SUPPLIED DATA Block Start
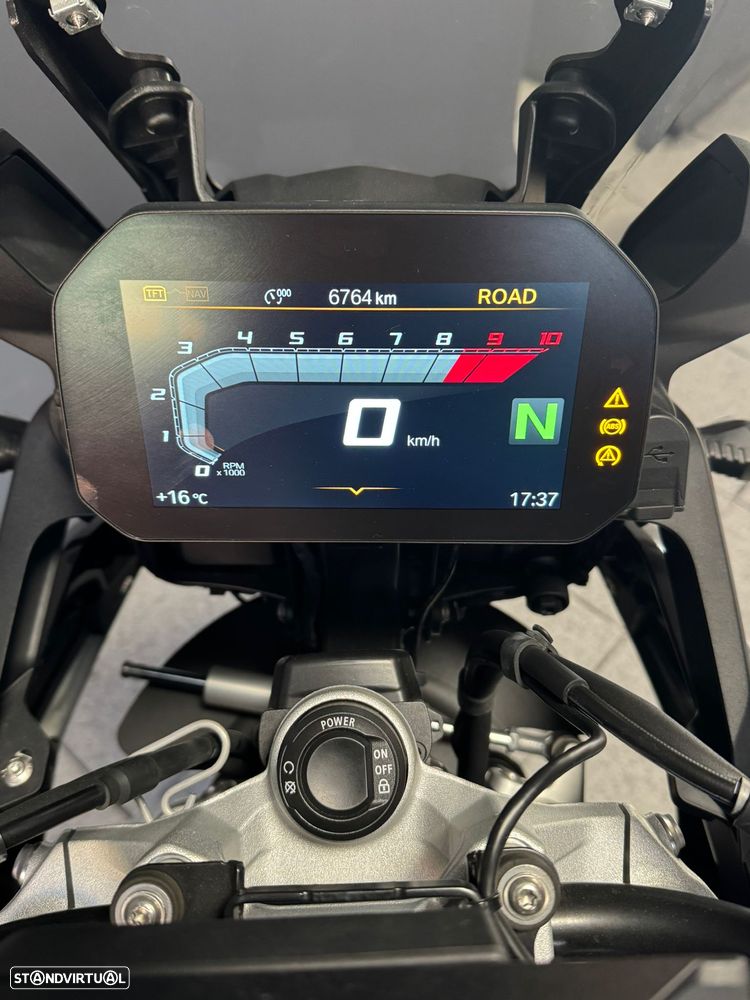 BMW F 750 GS Triple Black - Full Extras - 5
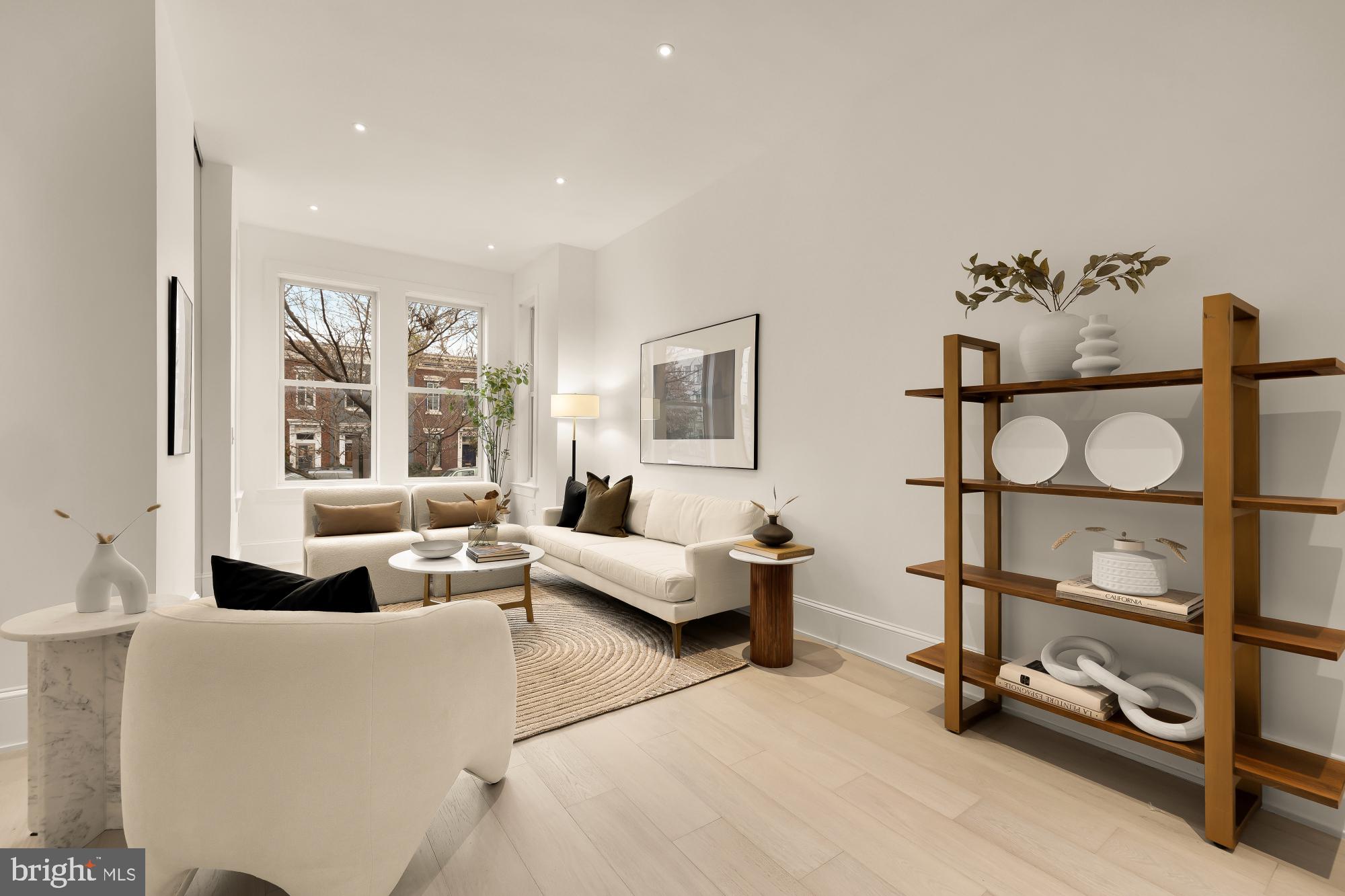 CAPITOL HILL - Residential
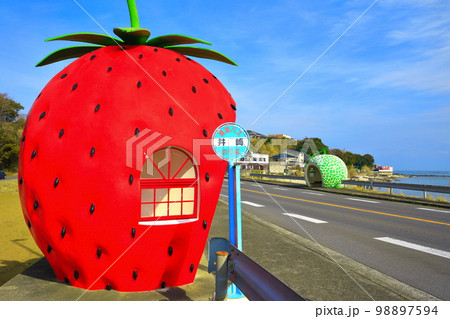 【長崎県】イチゴとメロンのフルーツバス停（井崎） 98897594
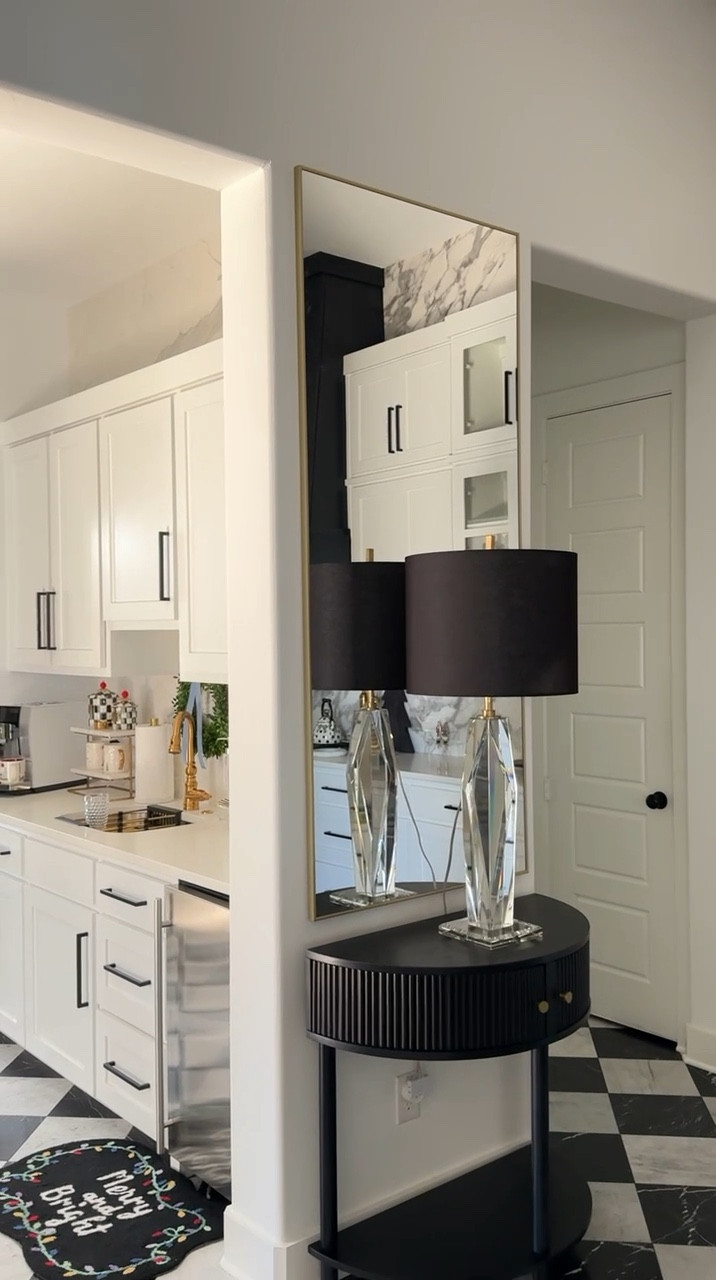 This $125 Amazon 6 foot mirror looks so high end! 

Amazon home, modern finds, Amazon finds, retailer, floor mirror, gold mirror, pottery barn, restoration hardware, modern home, modern organic, glam home


#LTKHome #LTKVideo #LTKStyleTip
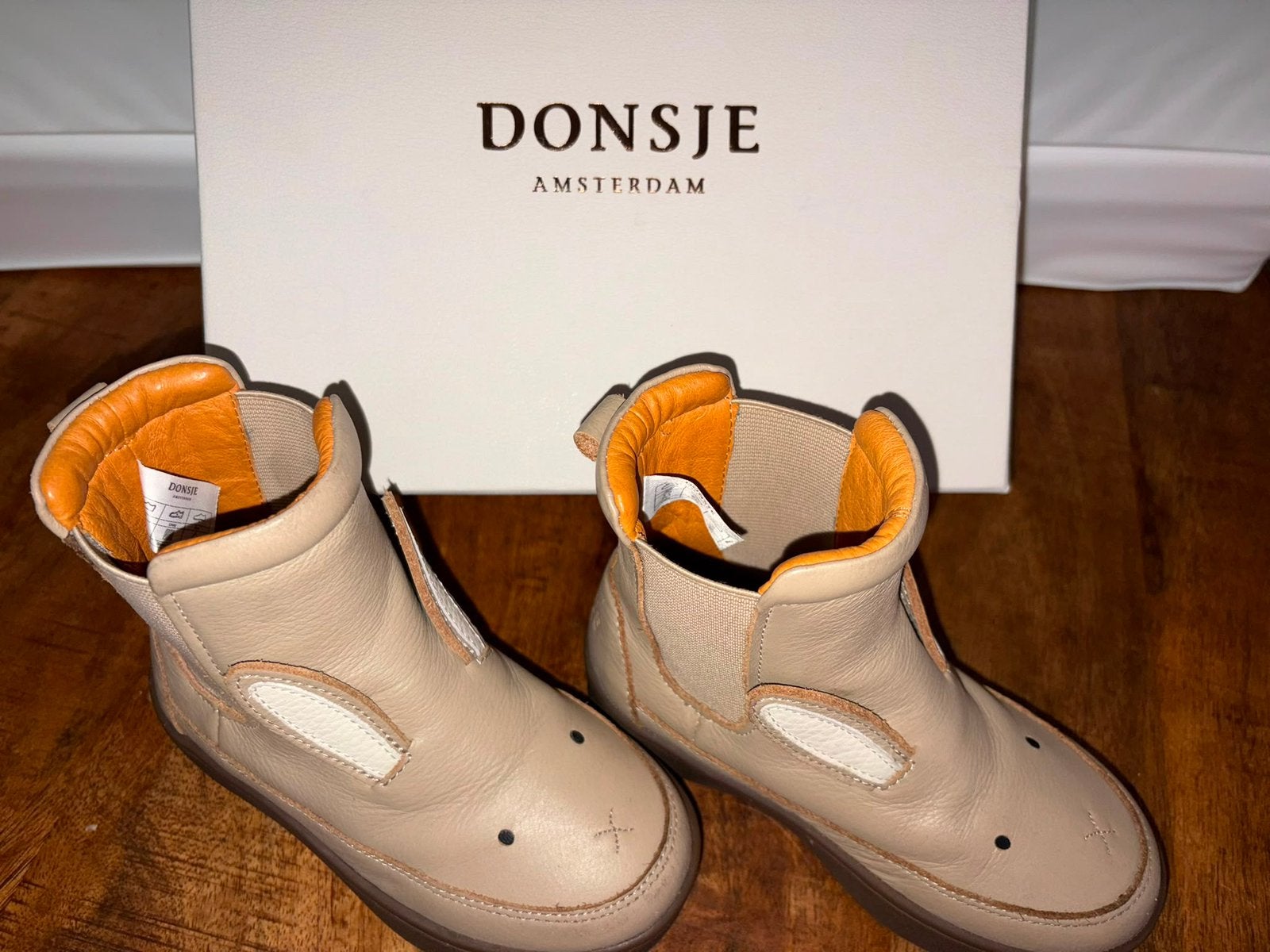 Donsje laarsjes maat 25, Ophalen of Verzenden, Zo goed als nieuw, Meisje, Laarsjes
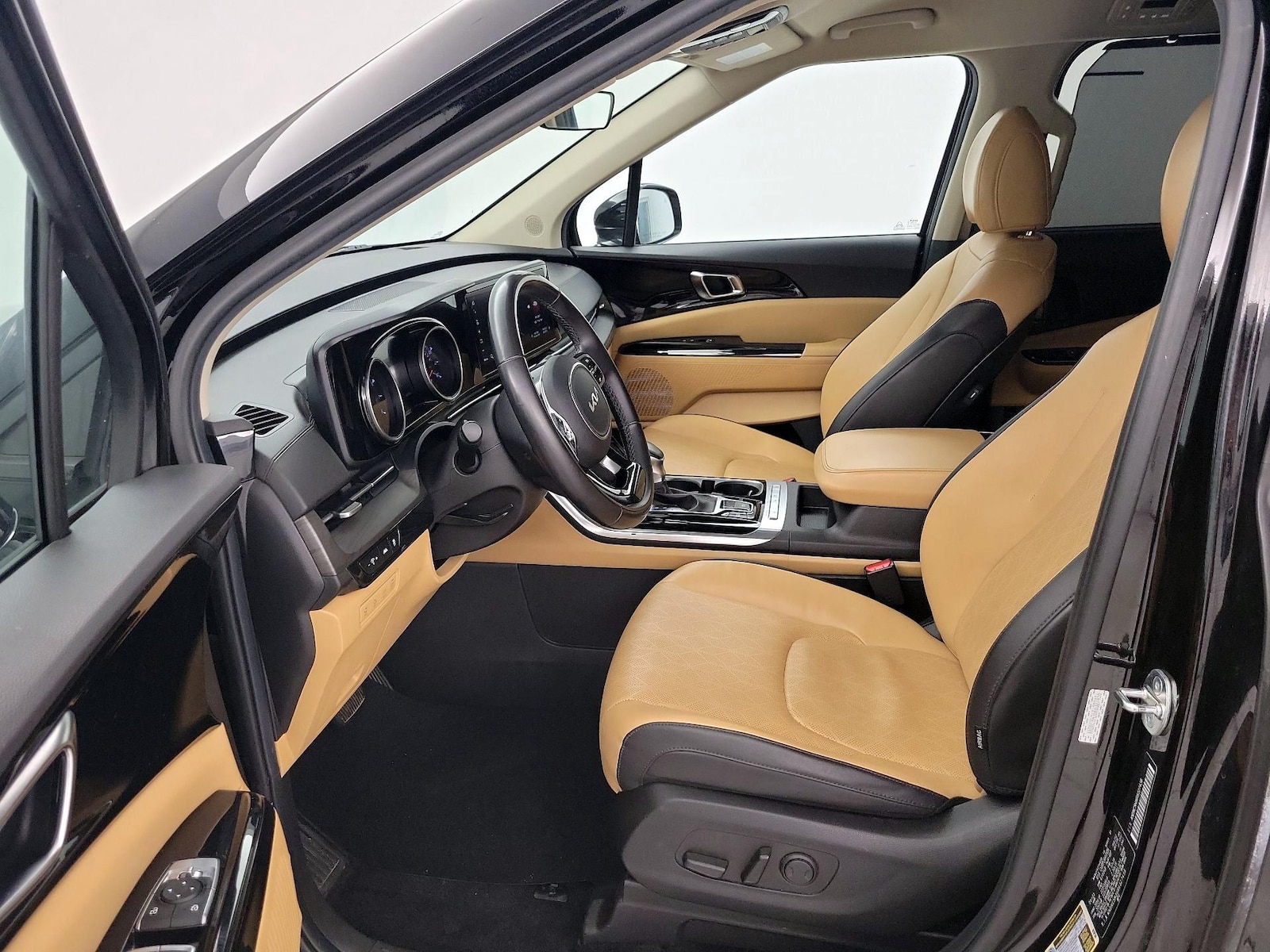 2024 Kia Carnival EX - Photo 12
SUPPLIED DATA Block End
▸ WHAT TO WORK ON
Reproduce the records above exactly, excluding every picture.

▸ EXERCISE RESULT
 BMW F 750 GS Triple Black - Full Extras - 5
 CAPITOL HILL - Residential
 【長崎県】イチゴとメロンのフルーツバス停（井崎） 98897594
 This $125 Amazon 6 foot mirror looks so high end! 

Amazon home, modern finds, Amazon finds, retailer, floor mirror, gold mirror, pottery barn, restoration hardware, modern home, modern organic, glam home


#LTKHome #LTKVideo #LTKStyleTip
 Donsje laarsjes maat 25, Ophalen of Verzenden, Zo goed als nieuw, Meisje, Laarsjes
 2024 Kia Carnival EX - Photo 12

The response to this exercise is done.